We have covered this one as an example, which involves automatically changing unconscious instincts or impulses that are consciously thought to be in violation of or unacceptable to our higher brained, moral codes (Freud’s Superego) into their opposites.
This unconscious social habit is interesting as a tool for “reading” and decoding others. It has been said that “the unconscious only thinks in positives, not negatives.” This is one of the popular methods of detecting a lie in others - that when one negates something in conversation, the idea first had to exist as a positive, and so what the person was really thinking at the unconscious level was the positive version.
For example, if someone says to you, “It’s not that your looks are not my type. It’s just that I’m spoken for right now,” then what the person’s unconscious is thinking is that it is your looks that they don’t prefer. It’s just too uncomfortable to make that known.

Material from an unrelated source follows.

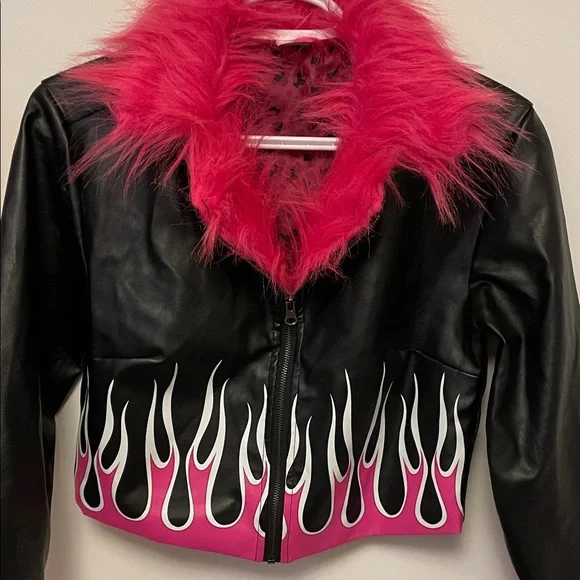 Women’s Bratz Pink Faux Fur/Black Jacket Size Small - Picture 2 of 8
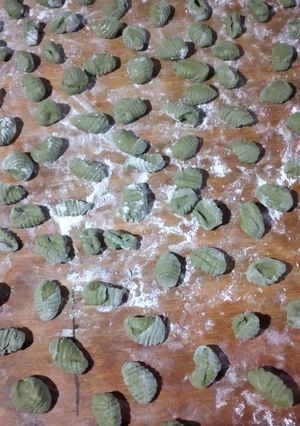 Una foto de Ñoquis de espinaca y papas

Another one is when someone says to you, “It’s not that I was out meeting other people. I was just busy with work,” then there was at least the instinctual desire on their part to meet other people behind your back. That is what was in the unconscious before they negated it out of their discomfort with the moral dilemma of either telling you, or doing it. Of course, this is not to say that they were meeting other people or cheating on you. It’s just that the desire, instinct, or urge to was there. Hopefully they negated the impulse by using their higher, conscious moral sense.
And so reaction formation is saying, feeling, or overtly believing the opposite of what one really wants or feels in the instincts. We take the opposite belief because the true belief causes anxiety.